Chapter 7: Unsupervised Learning

Unsupervised Structural Learning is perhaps the purest form of knowledge discovery, as no hypotheses are constraining the exploration of possible relationships between variables. BayesiaLab offers a wide range of algorithms for that purpose. Making this technology easily accessible can potentially transform how researchers approach high-dimensional problem domains.

This chapter was written based on version 5.4 of BayesiaLab running on a Mac. All screenshots reflect that configuration.

Example: Stock Market

We find the mass of data available from financial markets to be an ideal proving ground for experimenting with knowledge discovery algorithms that generate Bayesian networks. Comparing machine-learned knowledge with our personal understanding of the stock market can perhaps allow us to validate BayesiaLab’s “discoveries.” For instance, any structure that is discovered by BayesiaLab’s algorithms should be consistent with an equity analyst’s understanding of fundamental relationships between stocks.

In this chapter, we will utilize Unsupervised Learning algorithms to automatically generate Bayesian networks from daily stock returns recorded over a six-year period. We will examine 459 stocks from the S&P 500 index, for which observations are available over the entire timeframe. We selected the S&P 500 as the basis for our study, as the companies listed on this index are presumably among the best-known corporations worldwide, so even a casual observer should be able to critically review the machine-learned findings. In other words, we are trying to machine learn the obvious, as any mistakes in this process would automatically become self-evident.
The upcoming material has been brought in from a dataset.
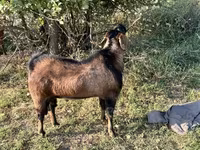 Capra, Nubian Goat — foto 1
Quite often, experts’ reaction to such machine-learned findings is, “Well, we already knew that.” Indeed, that is the very point we want to make, as machine learning can—within seconds—catch up with human expertise accumulated over the years and then rapidly expand beyond what is already known.

The power of such algorithmic learning will be still more apparent in entirely unknown domains. However, if we were to machine learn the structure of a foreign equity market for expository purposes, we would probably not be able to judge the resulting structure as plausible or not.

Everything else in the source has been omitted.